* **EXERCISE**:
Each line from the one that holds "We The People" to the end of the entries is to be given again exactly. Do not include pictures.

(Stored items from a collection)
-*-
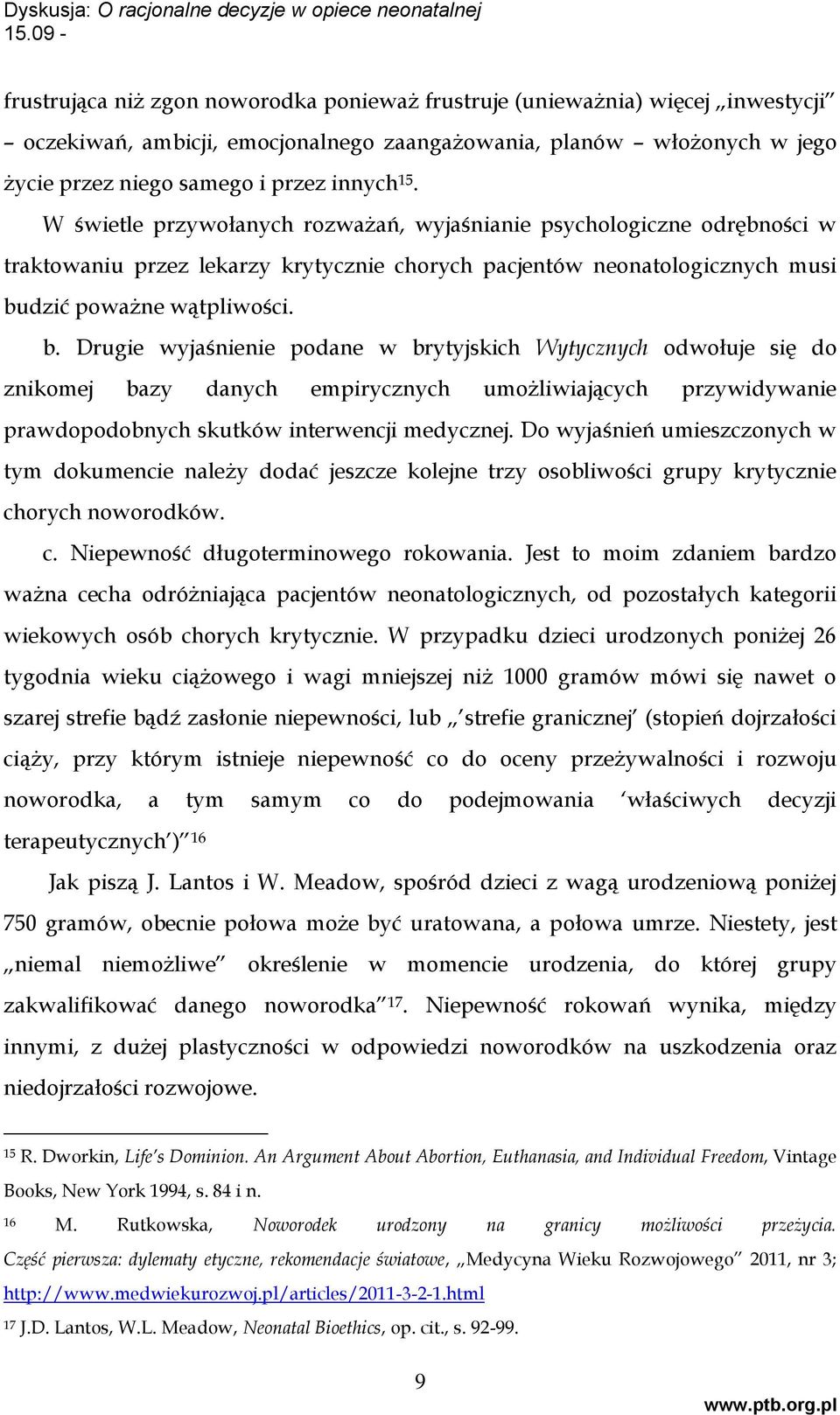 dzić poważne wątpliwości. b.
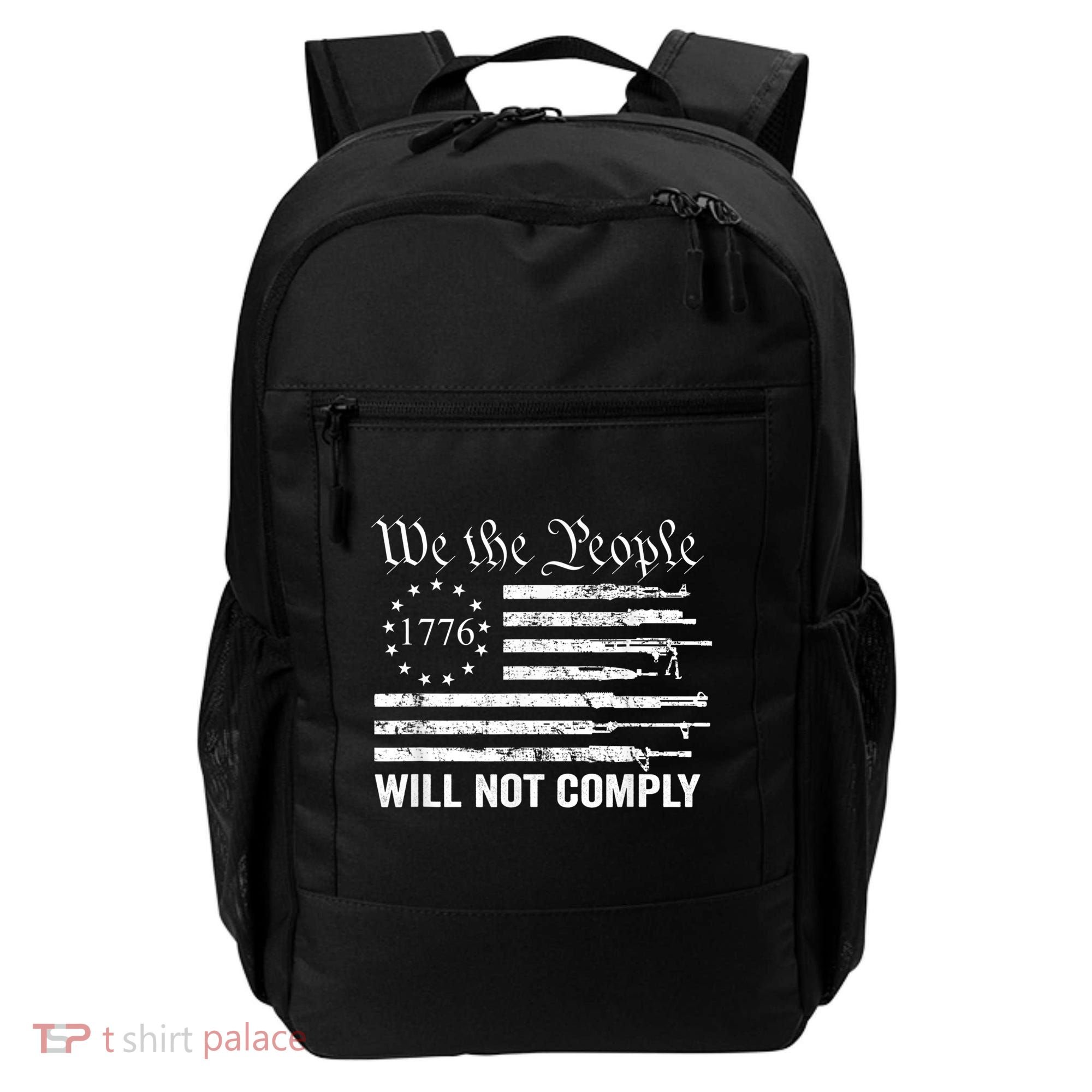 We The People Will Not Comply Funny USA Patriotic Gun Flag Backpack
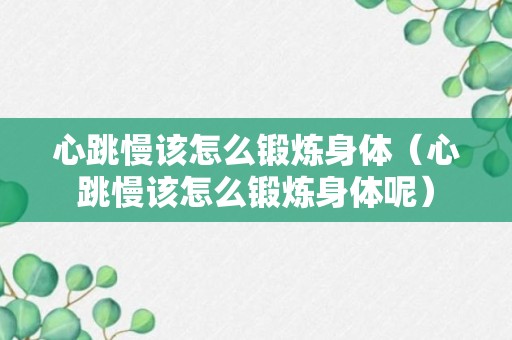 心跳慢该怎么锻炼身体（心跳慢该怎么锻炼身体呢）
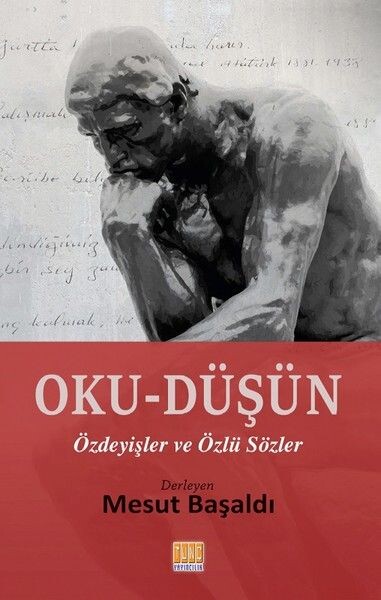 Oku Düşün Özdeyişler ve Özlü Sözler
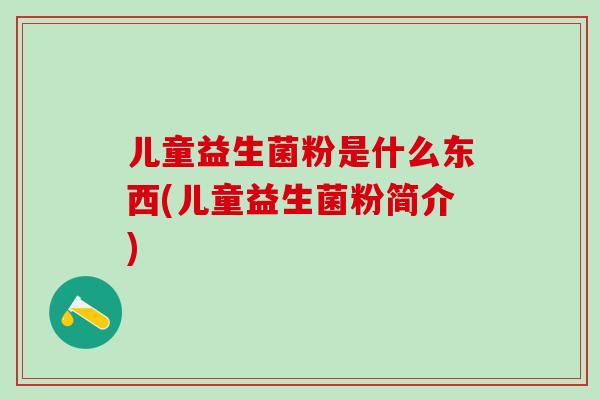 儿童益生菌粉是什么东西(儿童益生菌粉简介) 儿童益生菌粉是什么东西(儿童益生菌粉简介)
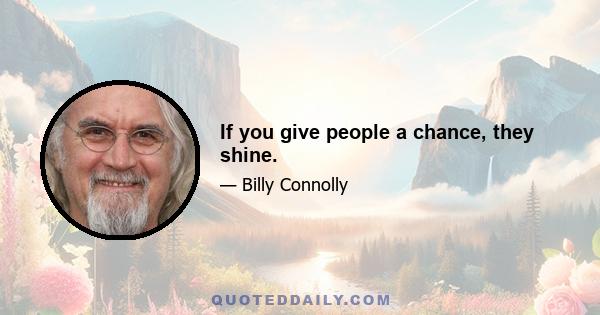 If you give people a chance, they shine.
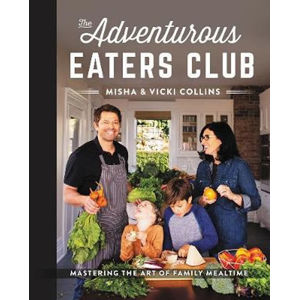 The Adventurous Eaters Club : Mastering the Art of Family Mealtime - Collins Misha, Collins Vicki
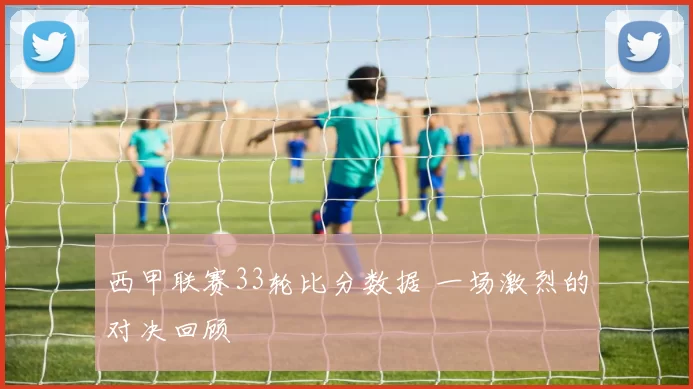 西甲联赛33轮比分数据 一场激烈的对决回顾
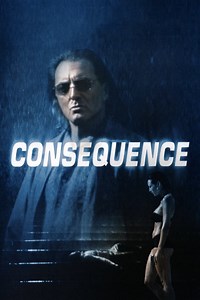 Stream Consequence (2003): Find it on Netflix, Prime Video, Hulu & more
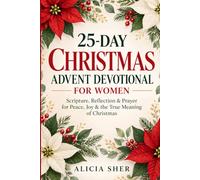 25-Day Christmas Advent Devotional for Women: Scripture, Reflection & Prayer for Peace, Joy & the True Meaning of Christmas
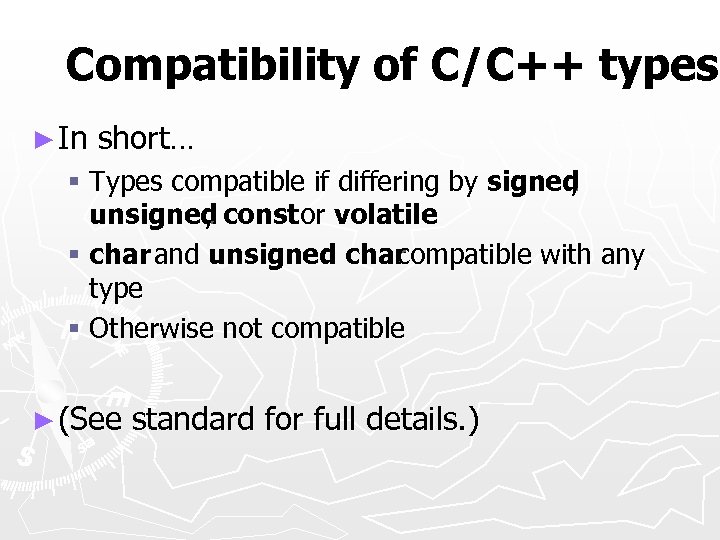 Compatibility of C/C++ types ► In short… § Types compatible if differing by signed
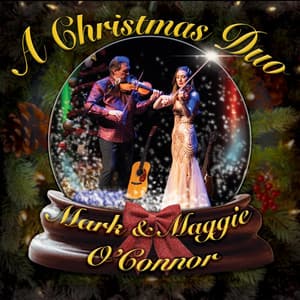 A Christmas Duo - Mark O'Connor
-*-
* **SOLUTION**:
 We The People Will Not Comply Funny USA Patriotic Gun Flag Backpack
 心跳慢该怎么锻炼身体（心跳慢该怎么锻炼身体呢）
 Oku Düşün Özdeyişler ve Özlü Sözler
 儿童益生菌粉是什么东西(儿童益生菌粉简介) 儿童益生菌粉是什么东西(儿童益生菌粉简介)
 If you give people a chance, they shine.
 The Adventurous Eaters Club : Mastering the Art of Family Mealtime - Collins Misha, Collins Vicki
 西甲联赛33轮比分数据 一场激烈的对决回顾
 Stream Consequence (2003): Find it on Netflix, Prime Video, Hulu & more
 25-Day Christmas Advent Devotional for Women: Scripture, Reflection & Prayer for Peace, Joy & the True Meaning of Christmas
 Compatibility of C/C++ types ► In short… § Types compatible if differing by signed
 A Christmas Duo - Mark O'Connor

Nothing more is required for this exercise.